● **Exercise instructions**
Only the lines from the one with "La camioneta Volkswagen" through the last line of the data below are to be duplicated, exactly and without pictures.
(Beginning of Records)
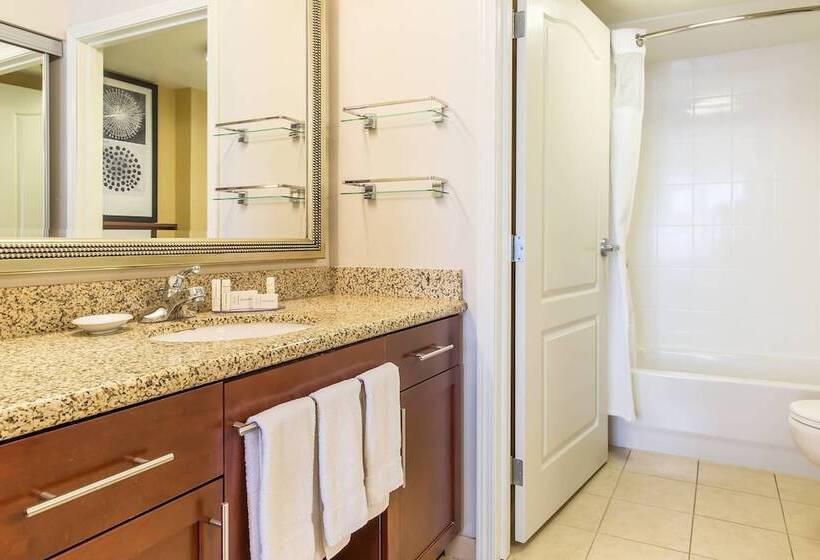 带2个卧室的套房, Residence Inn Lexington Keeneland/airport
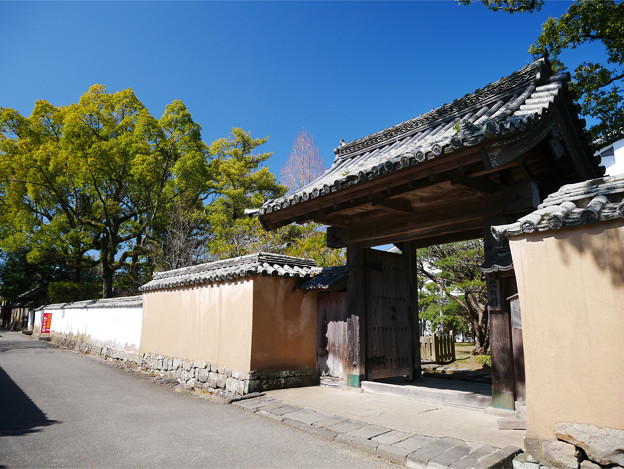 藩校の門 (2)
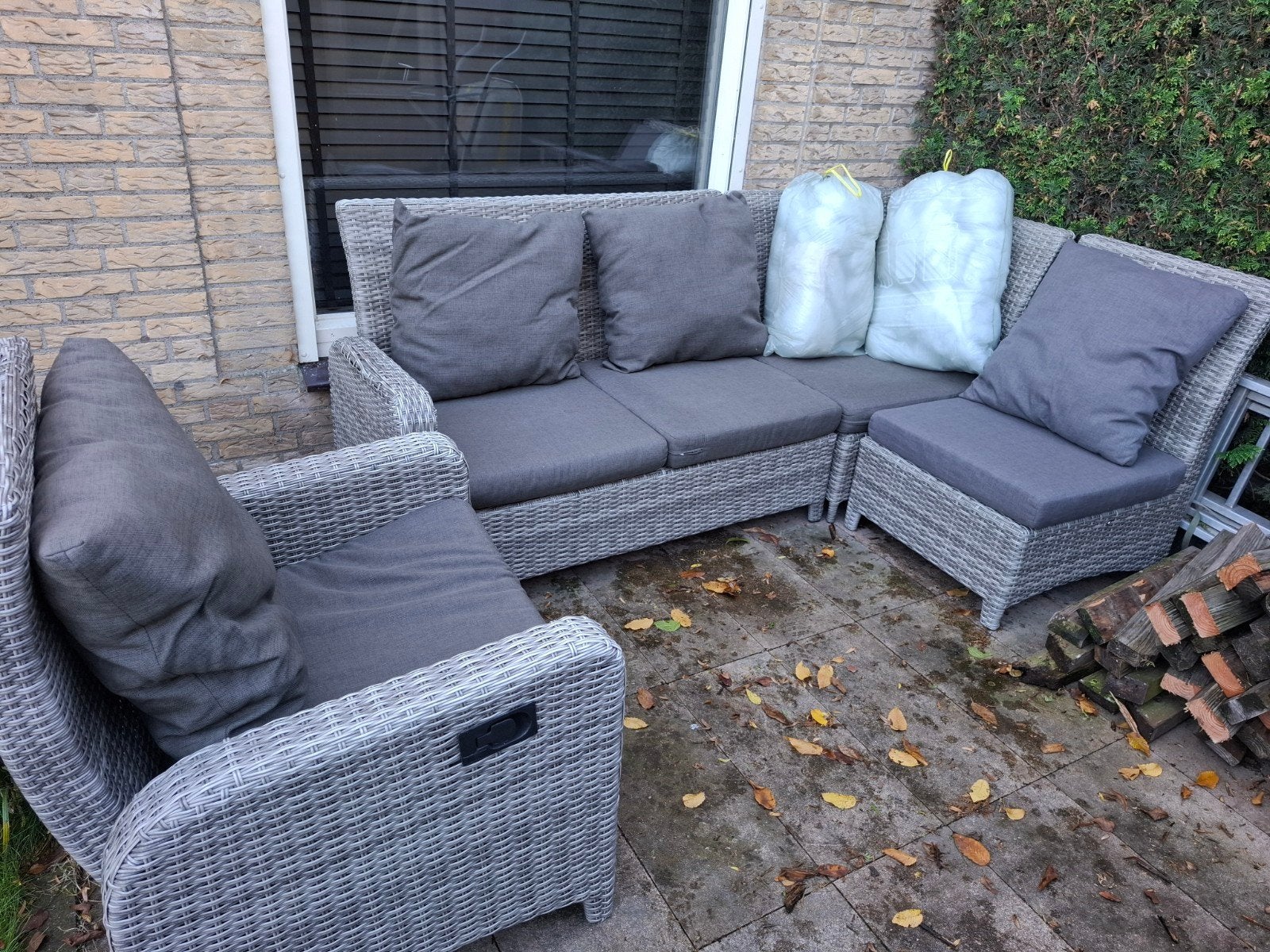 Wicker Loungeset met Hoekbank en Fauteuil, Ophalen, 5 zitplaatsen, Gebruikt, Loungeset
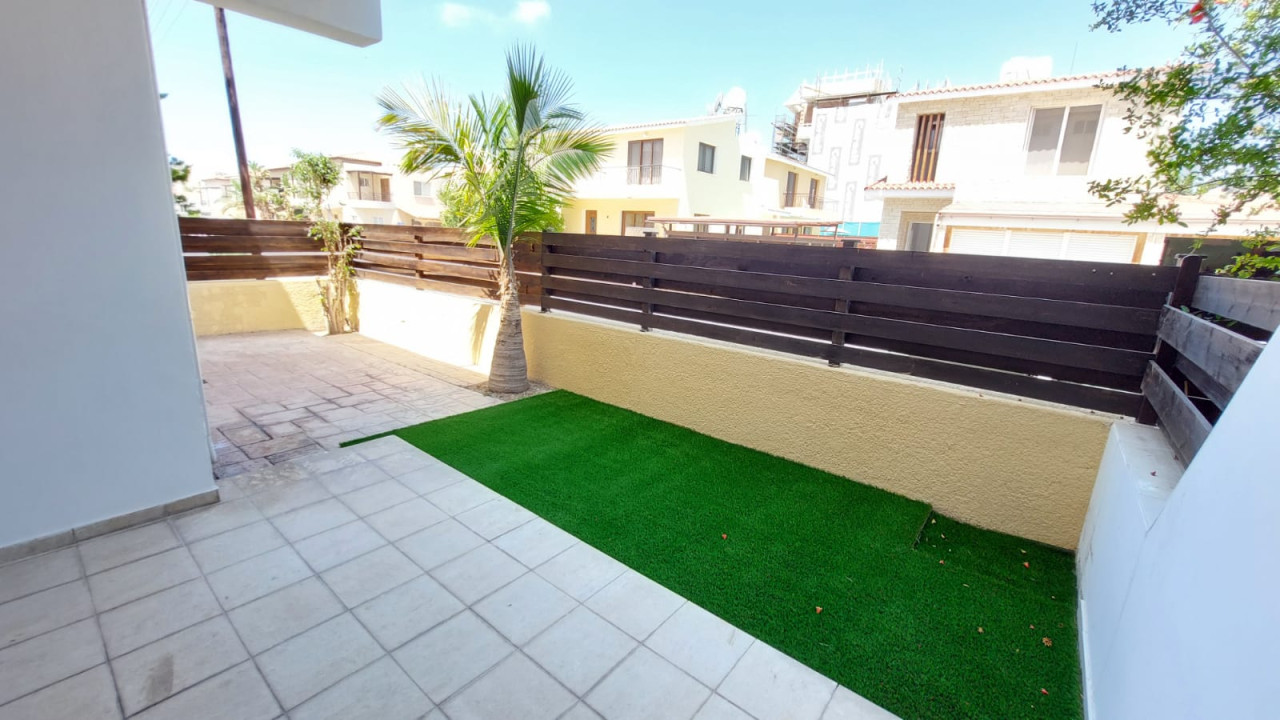 Apartment (Flat) in Universal, Paphos for Sale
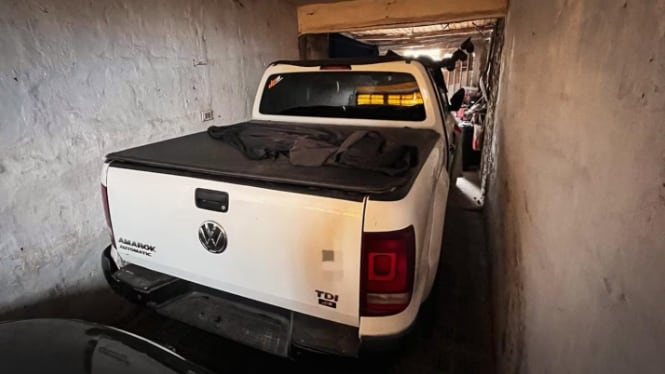 La camioneta Volkswagen Amarok secuestrada durante el procedimiento quedó a disposición de la Fiscalía que investiga la causa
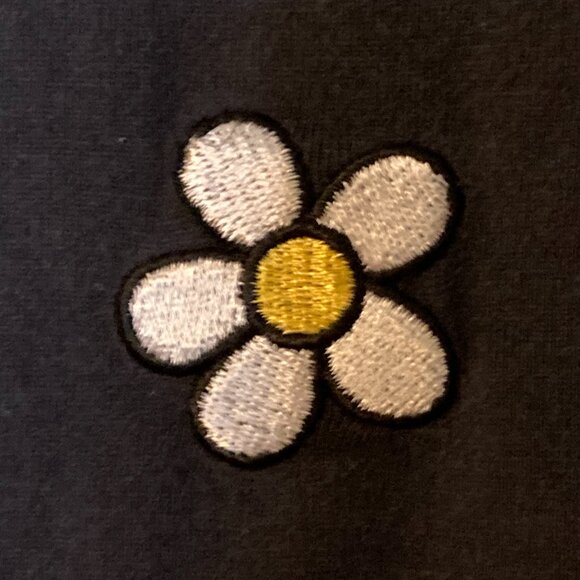 A. Lab Men's Black Daisy Patch/Striped Short Sleeve T Shirt - Size M - Picture 4 of 7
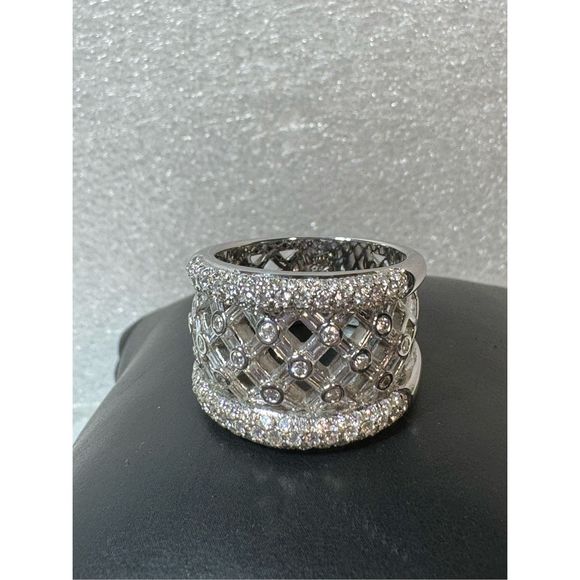 No Brand Jewelry - 18KT White Gold Woven Design Diamond Cocktail Ring size 7.75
(End of Records)
● **Result of the exercise**
 La camioneta Volkswagen Amarok secuestrada durante el procedimiento quedó a disposición de la Fiscalía que investiga la causa
 A. Lab Men's Black Daisy Patch/Striped Short Sleeve T Shirt - Size M - Picture 4 of 7
 No Brand Jewelry - 18KT White Gold Woven Design Diamond Cocktail Ring size 7.75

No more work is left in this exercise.